I would post my sanity check script setup, but snbforums' cloudflare setup blocks my attempt to do so.
Upload it to pastebin and post the url
 
The problem was that I had not connected the router's WAN port to anything. Now that I've connected the WAN port to the Internet, the wan-start, nat-start and finally firewall-start scripts are running at startup.

The configuration I was working on had to do with local vlans and subnets and properly isolating them from each other. I had not expected to need to connect the WAN port to get the startup scripts to run. And it confused the issue that firewall-start does run if the firewall is stopped or started from the web interface, even when there is no WAN connection. And it's confusing that the web interface reports that the firewall is started, when apparently it is not. I'd like to add some information to the User-scripts wiki page about exactly when the firewall-start and nat-start scripts get run, but I don't know what to put.

Now that I understand that firewall-start doesn't happen at startup until after wan-start, maybe I need to rethink what's firewall-start. I don't want the configuration of my local networks to be wrong if someday my Internet connection is not working.

As I said earlier, it has been somewhat unclear to me what to put in which script. What I settled on was to put iptables commands into firewall-start and everything else into services-start. But now I'm wanting to put the iptables commands that relate to the interconnections of my local networks into services-start. Is that acceptable / will that work? Or will the subsequent starting of the firewall overwrite those settings? If the latter, should I have services-start call firewall-start?
 
The problem was that I had not connected the router's WAN port to anything. Now that I've connected the WAN port to the Internet, the wan-start, nat-start and finally firewall-start scripts are running at startup.

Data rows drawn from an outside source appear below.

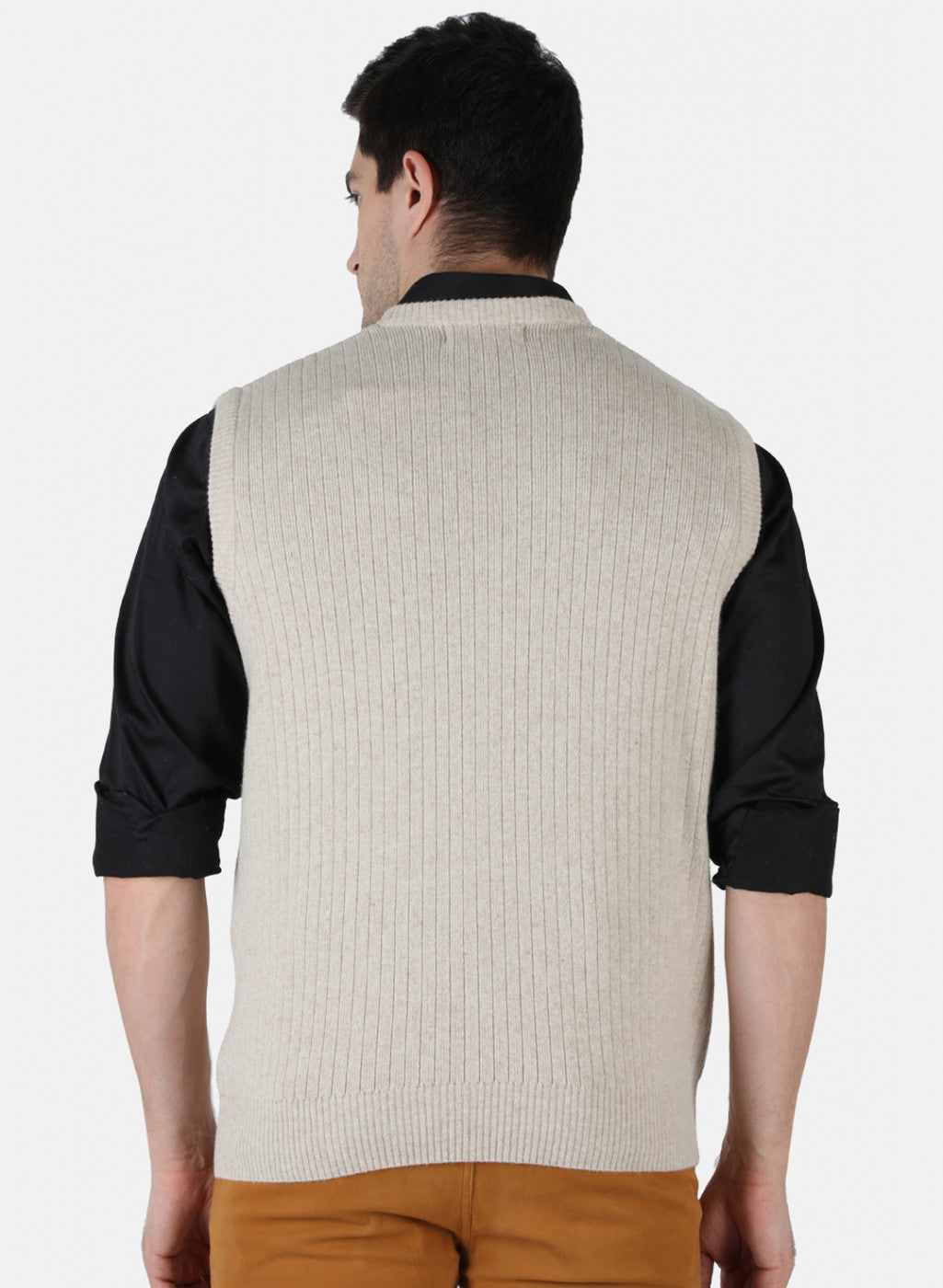 Men Beige Solid Sweater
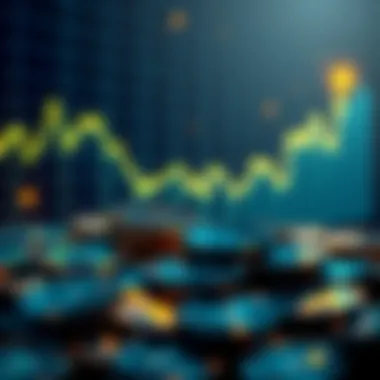 A graph showcasing rising cryptocurrency values with digital coins in the foreground symbolizing the future of finance.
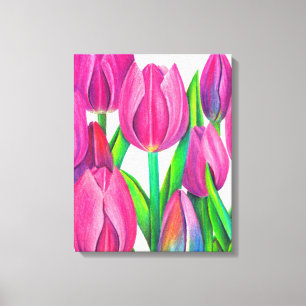 Zeichnend botanische Pink Tulips Leinwanddruck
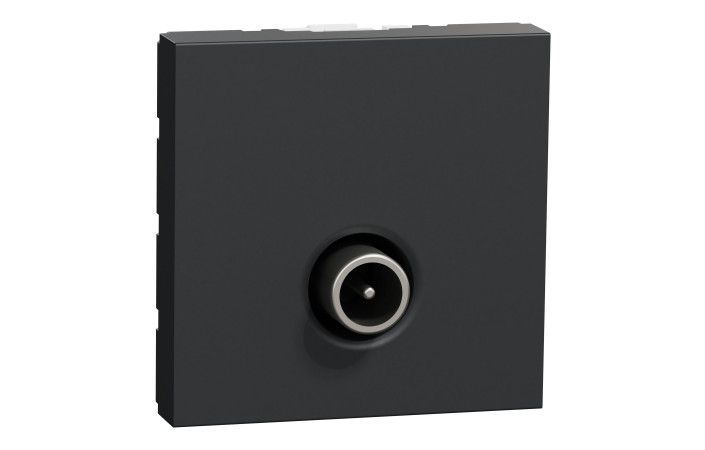 Розетка TV одинарна, 2 модулі антрацит - Зображення shnider_NU346254.jpg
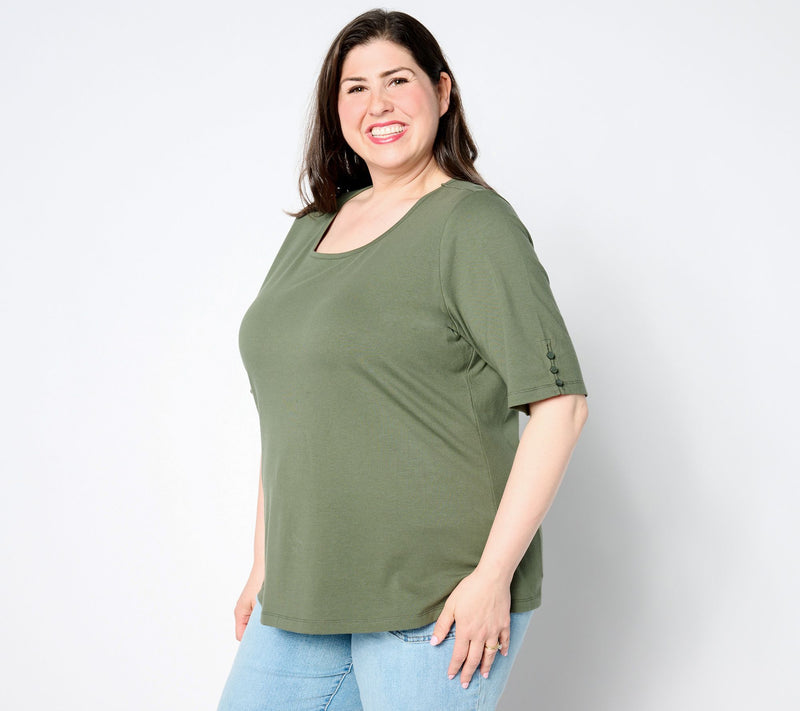 Denim & Co. Essentials Perfect Jersey Elbow Sleeve Top — View 9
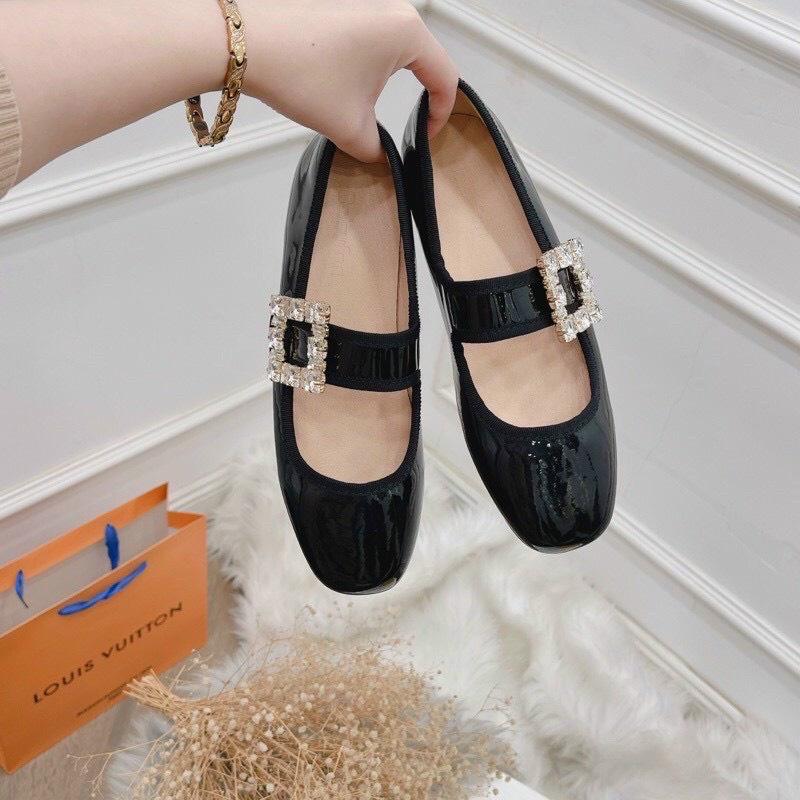 Giày búp bê nữ đế bằng mũi vuông da bóng quai ngang đính đá phong cách Hàn Quốc trẻ trung - Mã G56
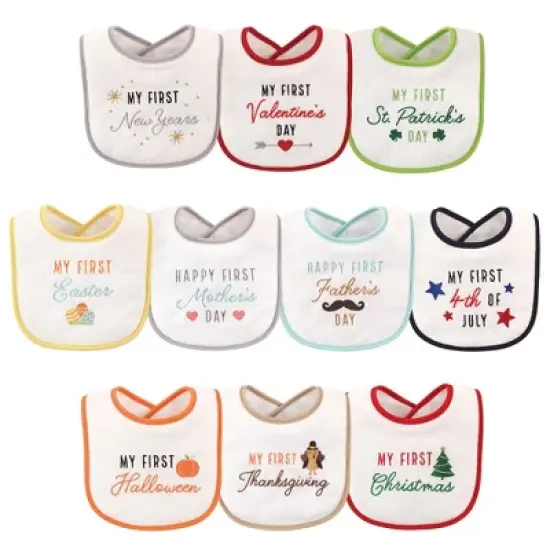 Hudson Baby Infant Cotton Terry Drooler Bibs with Fiber Filling 10pk, Neutral Holiday image {6}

The configuration I was working on had to do with local vlans and subnets and properly isolating them from each other. I had not expected to need to connect the WAN port to get the startup scripts to run. And it confused the issue that firewall-start does run if the firewall is stopped or started from the web interface, even when there is no WAN connection. And it's confusing that the web interface reports that the firewall is started, when apparently it is not. I'd like to add some information to the User-scripts wiki page about exactly when the firewall-start and nat-start scripts get run, but I don't know what to put.

Now that I understand that firewall-start doesn't happen at startup until after wan-start, maybe I need to rethink what's firewall-start. I don't want the configuration of my local networks to be wrong if someday my Internet connection is not working.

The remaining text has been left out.